Reading a recent article highlighting Sen. James Inhofe’s now-international obstructionism on efforts to stem climate change, I was struck by how eventful and dramatic the last few months have been for folks who have been paying attention and are holding their breath for actual progress at the Copenhagen Conference of Parties.
Beginning back in mid-November many of us were shocked when national news outlets casually threw out the dour headline “So much for Hopenhagen,” effectively calling off the push for a binding international agreement while at the conference. This occurred while Obama was in Asia, meeting several heads of state, notably China, who’s plans don’t really include actual, binding emissions reductions, only a GDP-based “carbon intensity.” Any forward momentum was killed after a UN official announced the end of a realistic expectation of a binding agreement while the leaders were gathered together at a “hastily arranged breakfast.”
I was heart-broken. I had hoped to witness history at Copenhagen, possibly one of the few chances in recent memory (2008’s Obama/Yes We Can bandwagon remains TBD) where there was a chance to get a significant positive change. As the friends and peers who will accompany me to Copenhagen next week continued to shoot off email after email with new developments about the conference, its attendees and agenda, I began to realize that the mid-November derailment was only the beginning of a tumultuous 3 weeks before anyone actually rolled up his sleeves and began diplomatifying.

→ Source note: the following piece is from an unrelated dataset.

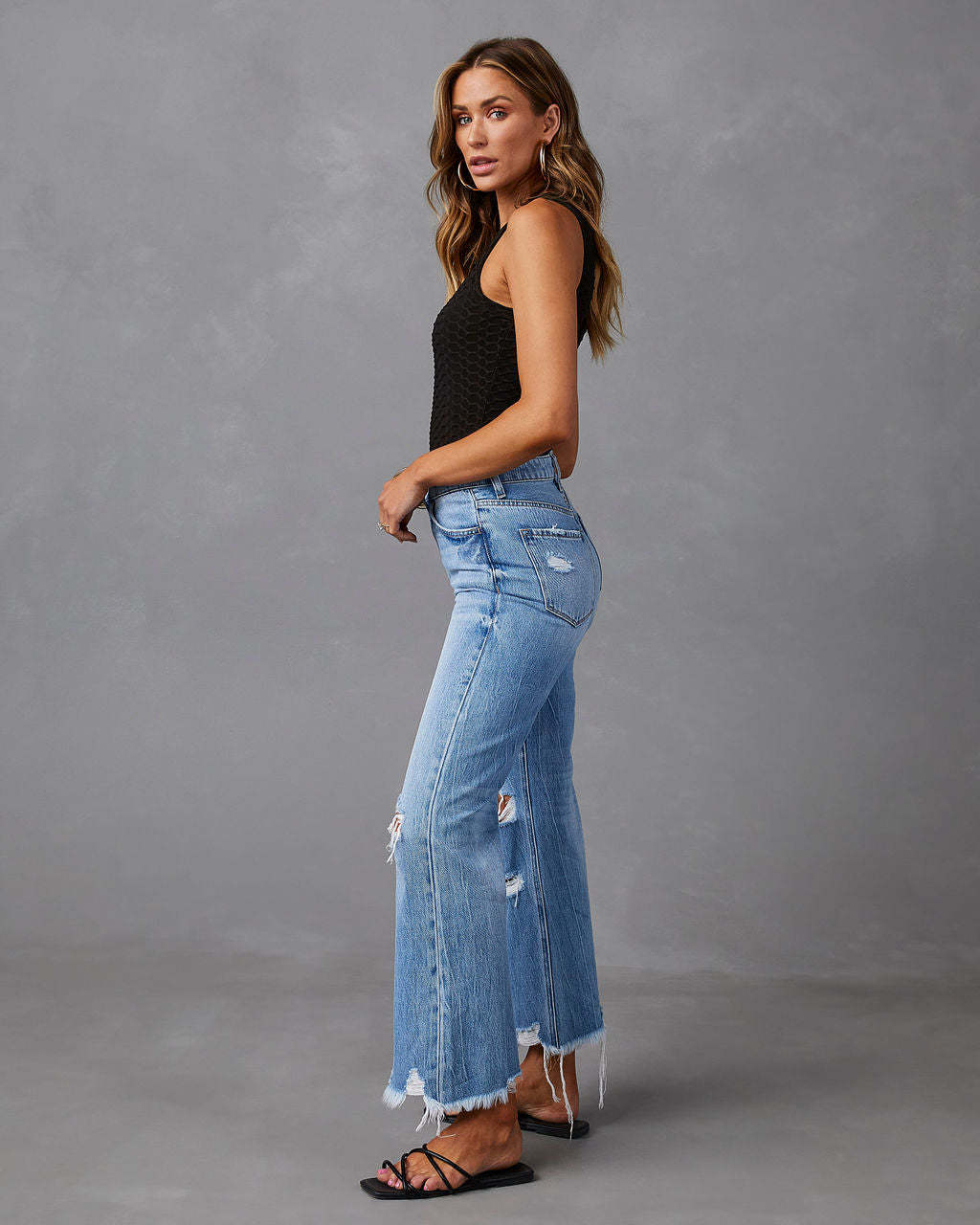 Heidi-Mode | Hochgeschnittene Jeans mit Löchern für Frauen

The news continues on through this week. Of course, the two main developments this past week included the announcement of a hard committment by President Obama to “roughly” a 17% reduction in emissions by 2020 (actually a 3% reduction from 1990 levels) and 83% by 2050. The other was Obama’s committment to attend the event. The numbers that Obama gave are the same levels that were contained in the recently passed house climate bill. Unfortunately, these numbers, while a good sign, were what touched off another political firestorm between Obama, Kerry and Boxer in one corner and Sen. James Inhofe in the other. Sen. Boxer pushed a vote through the Senate Environment and Public Works Committee, which she chairs, with no Republicans even in the room and a ‘nay’ vote from the one coal-state Democrat, Sen. Max Baucus. Many regarded this as the death knell of the legislation, with Inhofe gloating about the victory and his opportunity to stand up against Kerry and Boxer at Copenhagen and say “”No, it’s over. Get a life. You lost. I won.” Of course, Sen. Inhofe is banking on his word carrying more weight than the President’s, several senator’s and seven members of Obama’s cabinet. It certainly makes for sensationalist news, but as more details of the Administration’s plans while at the Conference, the better I feel about Obama’s thus-far less than fervent committment to the issue.
The second development, that of Obama’s actual decision to attend at some point, has long been expected, although several details leave cause for concern. First is the timing of the visit. He plans to show up at the Conference only a few days in. This is undoubtedly designed to coincide with his travels to Oslo, which is just a few miles north of Copenhagen. Would he have attended if he wasn’t going to already be in the neighborhood? No way to tell, but the timing smacks of opportunism, or at least a lost chance to make a significant impact on the negotiation process. It also leaves him without any real opportunity to confer with the other attending world leaders, who will be arriving later in the second week to shore up and authorize committments and deal with the last stretch of negotiations. Some is better than none, but a longer, and better timed visit would undoubtedly add heft to an already dubious sense of U.S. committment.
While I remain nervous going in to the last week before the Conference, the high drama on both the national and international levels and the rate at which significant changes are occurring leave room for further improvement in the United States’ dedication to finally integrating itself with a true international convention on climate change.